In a televised statement, Mikati called for the Lebanese people to “stand united in the face of aggression” as the country remains on the brink of a humanitarian and economic crisis.

He was speaking at an emergency cabinet meeting that he convened upon returning from the United Nations General Assembly in New York.

Mikati did not mention Nasrallah in his address, but his office later published the decision to hold three days of national mourning.

Nasrallah, who led Hezbollah for more than three decades, is by far the most powerful target to be killed by Israel in weeks of intensified fighting with Hezbollah.

According to the UN, more than 50,000 people have fled Lebanon for Syria, as Israel’s attacks on Lebanon have killed at least 700 people since Monday.

‘Beirut struck again’

The Israeli forces continued to bomb Beirut on Saturday, promising to keep targeting Hezbollah commanders. Several residential areas were targeted, mainly in the densely populated southern suburbs.

Israeli military officials said they killed two more Hezbollah commanders in what they called “precision” strikes.

The Reuters news agency, citing a Lebanese security source, said an Israeli strike hit an industrial area 500 metres (1,640 feet) from Beirut airport, Lebanon’s only international passenger facility.

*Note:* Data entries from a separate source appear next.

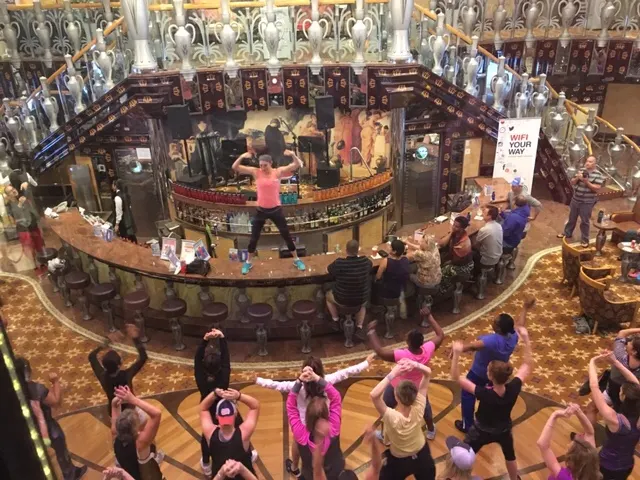 The Cruise Director leading Zumba....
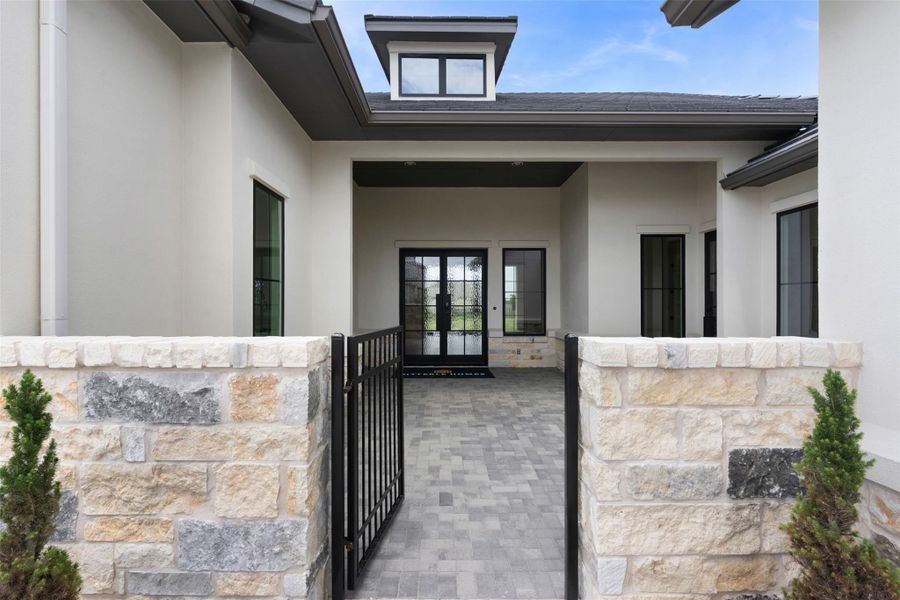 A stone-clad entryway with an iron gate welcomes you to this sophisticated residence.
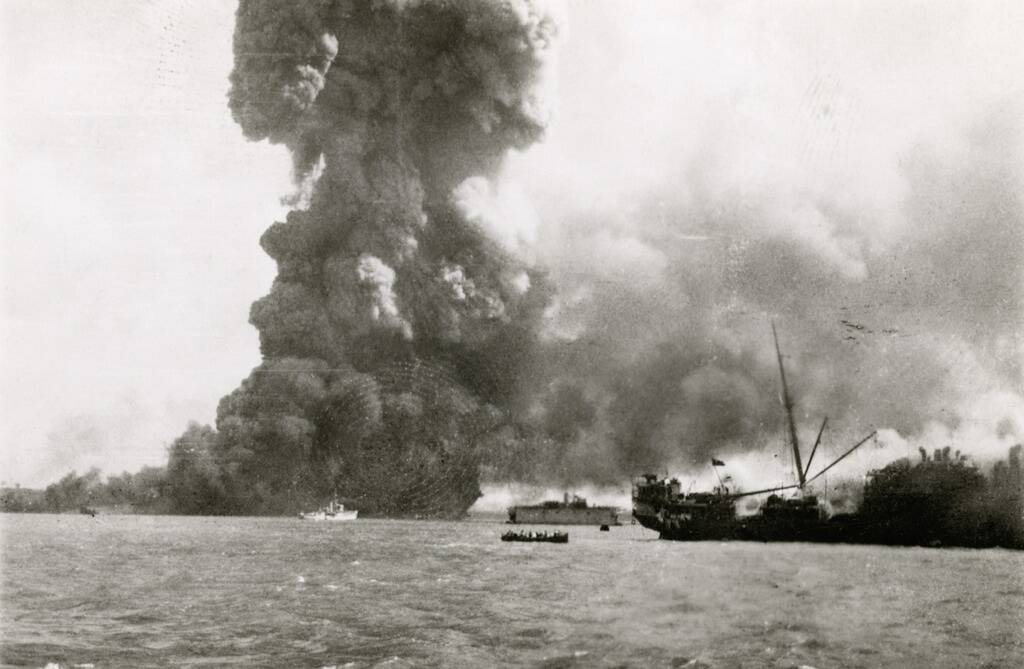 ON FIRE: Darwin Harbour on February 19, 1942. Photo: Australian War Memorial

The source said the area hit was full of car repair garages.

But the head of Lebanon’s national carrier Middle East Airlines, Mohammad al-Hout, said the airport was operating normally. “The Beirut airport is not being targeted, there are no weapons there,” al-Hout told Reuters.

People protest following the announcement of the death of Lebanon's Hezbollah leader Sayyed Hassan Nasrallah, in Baghdad, Iraq, September 28
People protest the killing of Nasrallah in Baghdad, Iraq, September 28, 2024 [Thaier al-Sudani/Reuters]

Hezbollah and Israel have been exchanging fire in a conflict parallel with Israel’s devastating war on Gaza that started in October last year. At least 41,586 Palestinians have been killed and 96,210 wounded in Israel’s attacks on the besieged enclave.

Israeli authorities say at least 1,139 people were killed and more than 200 people were taken captive following a Hamas-led attack on Israel on October 7 last year.

Israel says it has been attacking Hezbollah with the aim of allowing tens of thousands of residents evacuated from northern Israel to return home.

In Lebanon, more than 200,000 people have been displaced, about half of them since Monday, after Israel intensified its attacks on the country.